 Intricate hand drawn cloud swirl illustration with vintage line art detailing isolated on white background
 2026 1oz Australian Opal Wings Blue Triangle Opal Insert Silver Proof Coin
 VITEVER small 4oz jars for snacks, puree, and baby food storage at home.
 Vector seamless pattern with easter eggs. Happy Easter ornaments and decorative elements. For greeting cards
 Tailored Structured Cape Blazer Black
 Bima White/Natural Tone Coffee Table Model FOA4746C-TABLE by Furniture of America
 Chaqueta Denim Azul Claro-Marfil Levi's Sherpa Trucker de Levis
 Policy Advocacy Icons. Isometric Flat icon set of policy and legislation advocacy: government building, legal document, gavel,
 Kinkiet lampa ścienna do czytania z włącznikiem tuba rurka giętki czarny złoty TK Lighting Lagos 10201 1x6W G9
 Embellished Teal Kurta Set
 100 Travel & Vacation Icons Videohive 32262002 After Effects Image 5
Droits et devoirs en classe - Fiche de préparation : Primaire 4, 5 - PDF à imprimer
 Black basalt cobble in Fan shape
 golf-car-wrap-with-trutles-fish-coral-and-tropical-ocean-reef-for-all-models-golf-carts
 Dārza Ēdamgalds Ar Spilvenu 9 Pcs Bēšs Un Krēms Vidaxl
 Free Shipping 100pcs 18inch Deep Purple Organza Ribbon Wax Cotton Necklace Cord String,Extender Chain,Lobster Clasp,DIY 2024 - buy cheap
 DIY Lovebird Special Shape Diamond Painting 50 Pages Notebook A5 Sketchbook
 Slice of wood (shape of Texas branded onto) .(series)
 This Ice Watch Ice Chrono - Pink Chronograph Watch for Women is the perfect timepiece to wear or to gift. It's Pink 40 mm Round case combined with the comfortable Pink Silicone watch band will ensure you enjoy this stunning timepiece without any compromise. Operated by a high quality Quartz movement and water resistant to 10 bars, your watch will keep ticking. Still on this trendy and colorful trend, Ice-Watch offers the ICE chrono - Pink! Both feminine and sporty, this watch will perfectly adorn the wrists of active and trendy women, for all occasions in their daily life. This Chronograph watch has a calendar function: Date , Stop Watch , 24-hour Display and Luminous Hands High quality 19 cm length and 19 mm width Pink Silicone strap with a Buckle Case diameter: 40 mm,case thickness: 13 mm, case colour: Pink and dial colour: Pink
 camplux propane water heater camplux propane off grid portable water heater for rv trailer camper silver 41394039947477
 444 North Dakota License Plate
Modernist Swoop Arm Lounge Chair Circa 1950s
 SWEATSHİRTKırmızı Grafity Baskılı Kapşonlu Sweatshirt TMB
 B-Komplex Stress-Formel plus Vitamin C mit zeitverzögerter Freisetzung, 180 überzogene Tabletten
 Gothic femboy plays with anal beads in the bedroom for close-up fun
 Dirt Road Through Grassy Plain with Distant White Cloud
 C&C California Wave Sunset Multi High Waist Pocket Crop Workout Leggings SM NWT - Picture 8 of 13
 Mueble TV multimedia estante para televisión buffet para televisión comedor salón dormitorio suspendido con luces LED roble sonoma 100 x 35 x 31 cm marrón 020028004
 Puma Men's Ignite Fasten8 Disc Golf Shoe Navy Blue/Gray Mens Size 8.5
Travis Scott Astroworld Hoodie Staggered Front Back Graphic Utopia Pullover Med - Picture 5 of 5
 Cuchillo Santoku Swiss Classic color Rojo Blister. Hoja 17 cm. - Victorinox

● **Goal of the exercise**: Return, exactly as they stand, the lines from the start of the records above through the line with "Slice of wood", both ends included, and no other lines.

● **Exercise output**:
 Intricate hand drawn cloud swirl illustration with vintage line art detailing isolated on white background
 2026 1oz Australian Opal Wings Blue Triangle Opal Insert Silver Proof Coin
 VITEVER small 4oz jars for snacks, puree, and baby food storage at home.
 Vector seamless pattern with easter eggs. Happy Easter ornaments and decorative elements. For greeting cards
 Tailored Structured Cape Blazer Black
 Bima White/Natural Tone Coffee Table Model FOA4746C-TABLE by Furniture of America
 Chaqueta Denim Azul Claro-Marfil Levi's Sherpa Trucker de Levis
 Policy Advocacy Icons. Isometric Flat icon set of policy and legislation advocacy: government building, legal document, gavel,
 Kinkiet lampa ścienna do czytania z włącznikiem tuba rurka giętki czarny złoty TK Lighting Lagos 10201 1x6W G9
 Embellished Teal Kurta Set
 100 Travel & Vacation Icons Videohive 32262002 After Effects Image 5
Droits et devoirs en classe - Fiche de préparation : Primaire 4, 5 - PDF à imprimer
 Black basalt cobble in Fan shape
 golf-car-wrap-with-trutles-fish-coral-and-tropical-ocean-reef-for-all-models-golf-carts
 Dārza Ēdamgalds Ar Spilvenu 9 Pcs Bēšs Un Krēms Vidaxl
 Free Shipping 100pcs 18inch Deep Purple Organza Ribbon Wax Cotton Necklace Cord String,Extender Chain,Lobster Clasp,DIY 2024 - buy cheap
 DIY Lovebird Special Shape Diamond Painting 50 Pages Notebook A5 Sketchbook
 Slice of wood (shape of Texas branded onto) .(series)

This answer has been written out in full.